We must expose the basic mechanisms which can explain the continuation or the "development of underdevelopment" (André Gunder Frank). This infernal process keeps rolling every day. We must explain to the public why the situation of the Democratic Republic of Congo never changes (per capita income of $ 180 annually). It’s not for want of well-timed humanitarian aid but because of structural reasons, both external and internal, that this country continues to be in a subordinate position vis-à-vis the rest of the world.

8. The 80s saw the decline of Third-Worldism. During that period the Third-Worldist NGOs faced an ideological impasse due to the fall of the socialist bloc, the splitting or the breaking up of the Third World, as well as to critics of humanitarian NGOs (who accused them of mechanically aligning with the South, neglecting local responsibilities and capitalizing on Western guilt). What are your views on the decline of Third-Worldism and the critiques aimed at the Third-Worldists?
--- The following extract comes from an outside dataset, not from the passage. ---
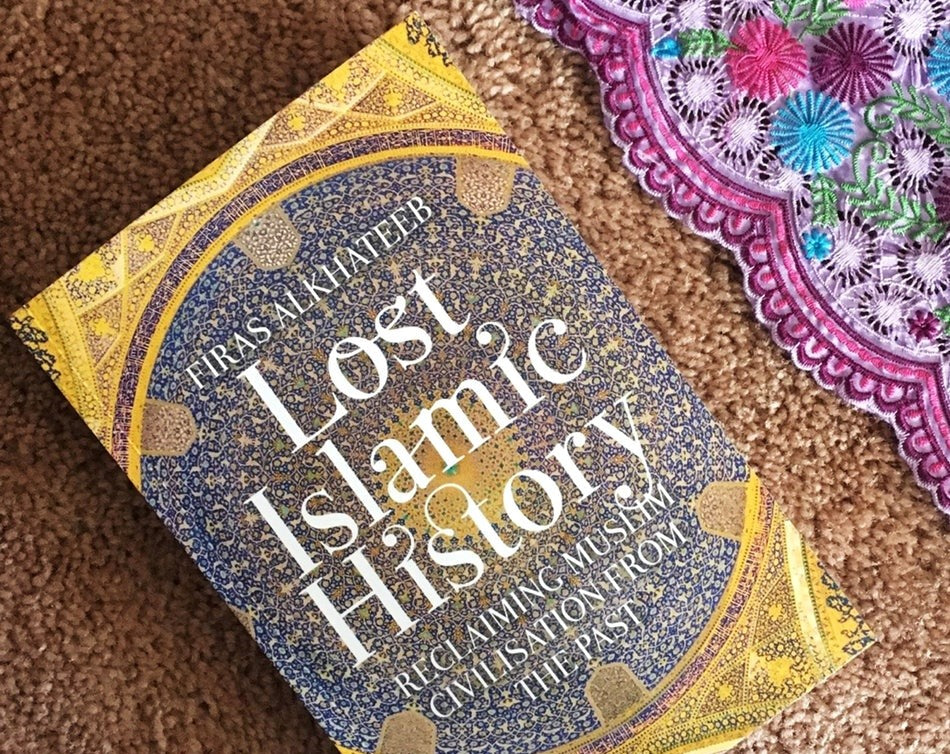 Seabf95765d3c47f49532d34a58d42844E.jpg Lost Islamic History: Reclaiming Muslim Civilisation From The Past By Firas Alkhateeb - Image 1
- A series of seemingly promising experiments in the South turned out to have limitations. There has to be an explanation for those limitations. The role of the Northern powers is important but that does not explain everything. The idea that a third path could emerge from the Non-Aligned Movement and benefit the Third World has faded, lost ground. The illusions of a third world movement on developments trailed off. The North’s deliberate intervention by means of a new type of NGOs played the role of catalyst. Humanitarian NGOs have received a strong and active support from the North, parallel to the emergence of the concept of humanitarian intervention which was itself a product of the NGO world. Bernard Kouchner of Médecins Sans Frontières (Doctors Without Borders), who later pursued a government career, as well as other people have pointed to the need for humanitarian intervention. Somehow this served the interests of the great powers in the North and people who seemed to be disinterested and who "represented" ’civil society’ embraced it. But we have seen that their interests were not so independent of the interests of the great powers as they claimed. Many big humanitarian NGOs have played an active role in discrediting Third-Worldism and Northern governments have supported this to a large extent. The concept of humanitarian intervention was linked to human rights, but it is not something new: during the Berlin Conference of 1885, King Leopold II of Belgium laid territorial claim on the Congo area under the pretext of thwarting the Arab slave traders. This debate rebounded during 1980-90.
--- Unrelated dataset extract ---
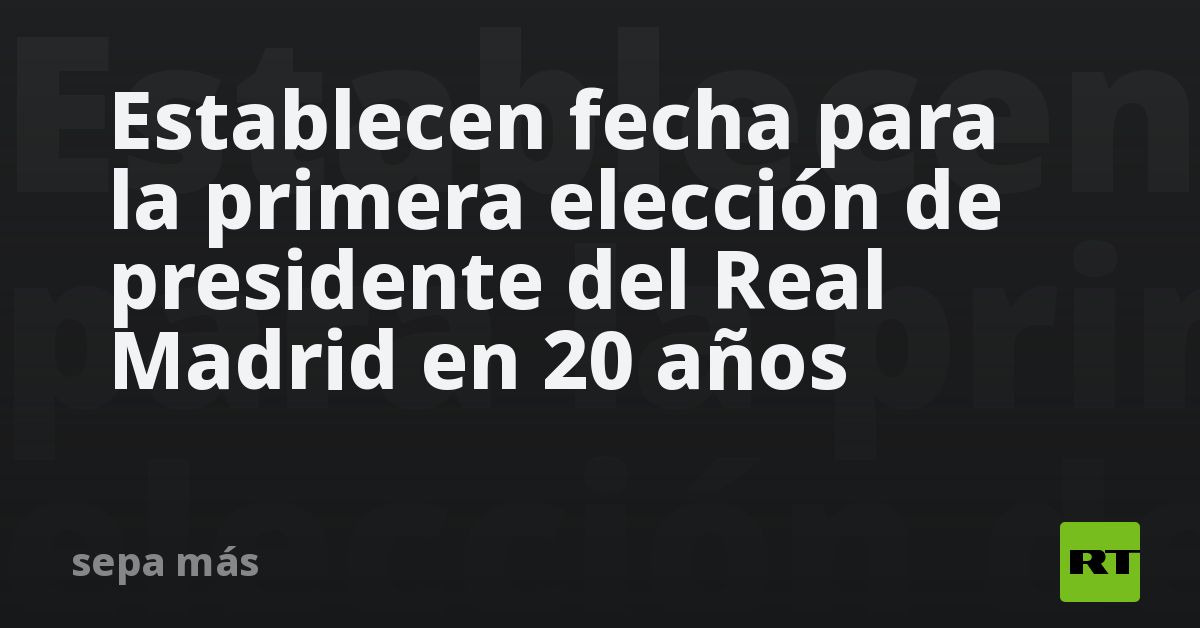 Establecen fecha para la primera elección de presidente del Real Madrid en 20 años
Since the CADTM is not a Third-Worldist organization, the Third World crisis is not a problem for it as the CADTM was rapidly formed in a process of joint action of militant activists from both the South and the North. That is why the CADTM quickly became a horizontal international organization in which a majority (3/4th) of member organizations is from the South and play a key role in determining the CADTM’s international action plans. These organizations are directly involved with the realities and contradictions of their own countries and try to meet them adequately.

9. The 90s were marked by professionalization and specialization in the sector of development cooperation, which has been gradually focusing on technical assistance and humanitarian aid. At that time the current generation of NGOs emerged and Stangherlin calls them "technicians without borders." These NGOs are "less ideological, more apolitical and more pragmatic." What is your assessment of this process of specialization and professionalization of the NGO world?
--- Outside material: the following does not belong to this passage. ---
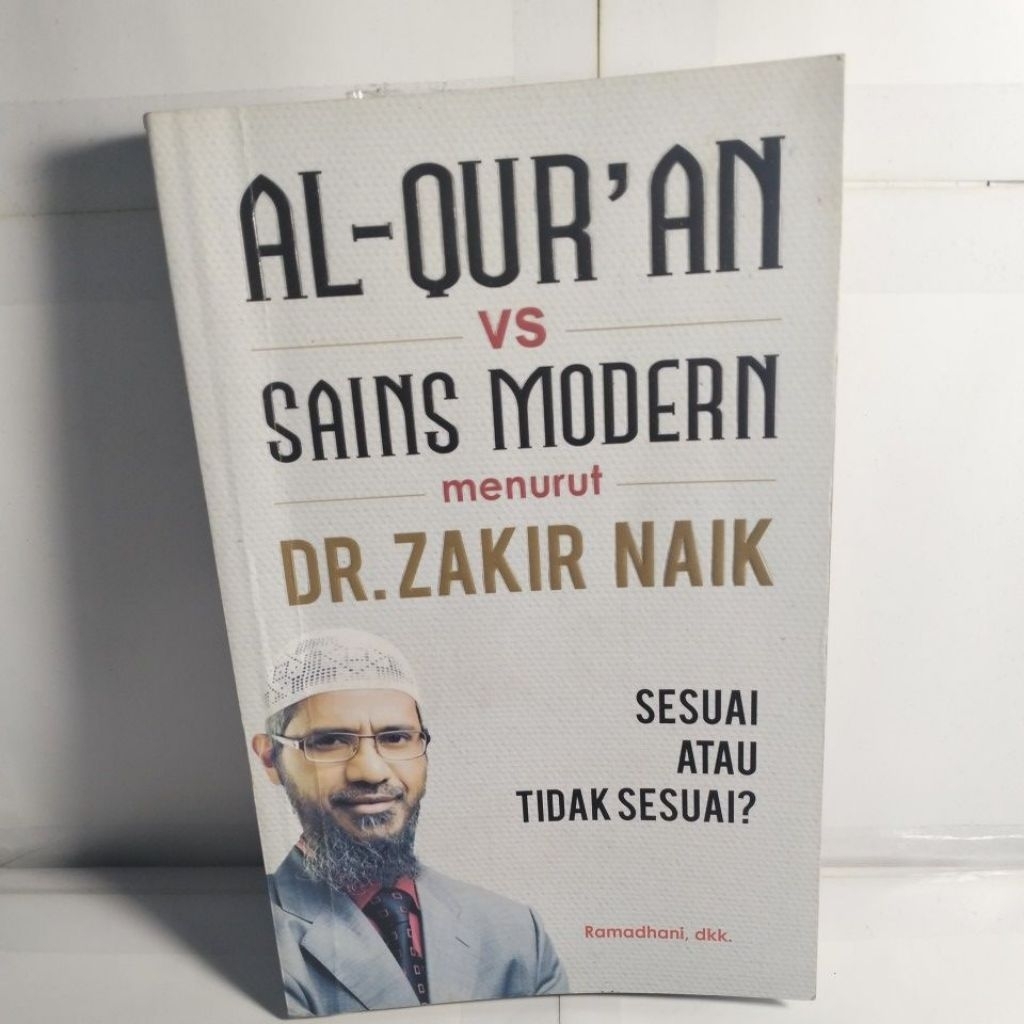 AL QUR'AN VS SAIN MODERN menurut DR ZAKIR NAIK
- This technical evolution of international cooperation led by the NGOs in the 1990s has not really produced convincing results. The ability to comprehend problems as a whole has been significantly lost. We look for technical solutions to a technical problem (e.g. best selection of seeds, best use of land, projects that are better-planned at the technical level), but if we do not get the technical solutions in the context of social relations - property relations, problems of marketing the product - relations in a given country vis-à-vis the dominant forces in international trade - we will not solve the problems at all. Evidence: solutions for the past 15 years are not better than those in the previous periods.

If the CADTM is professional and specialized it is because it does not have a technical vision of problems. CADTM tries to develop analytical tools, particularly the mechanisms to audit the debts of so-called developing countries, to arrive at a complete assessment of the structural policies recommended or imposed by international bodies. But we do not entertain the illusion of solving problems by techniques. Solutions always involve a comprehensive analysis: for example, a debt-audit is not an analysis related to accounting or a strictly legal contract. It is a holistic evaluation (e.g. looking at the social and environmental impact a dam will have on the local population). Technique is a fundamental dimension of a scientific approach but a technician’s vision of development leads to a total deadlock and a demoralization for those who believed in it and who have been working in this framework for years. It leads to a loss of contact with reality because the technicians of development prefer to believe that they are doing some useful work.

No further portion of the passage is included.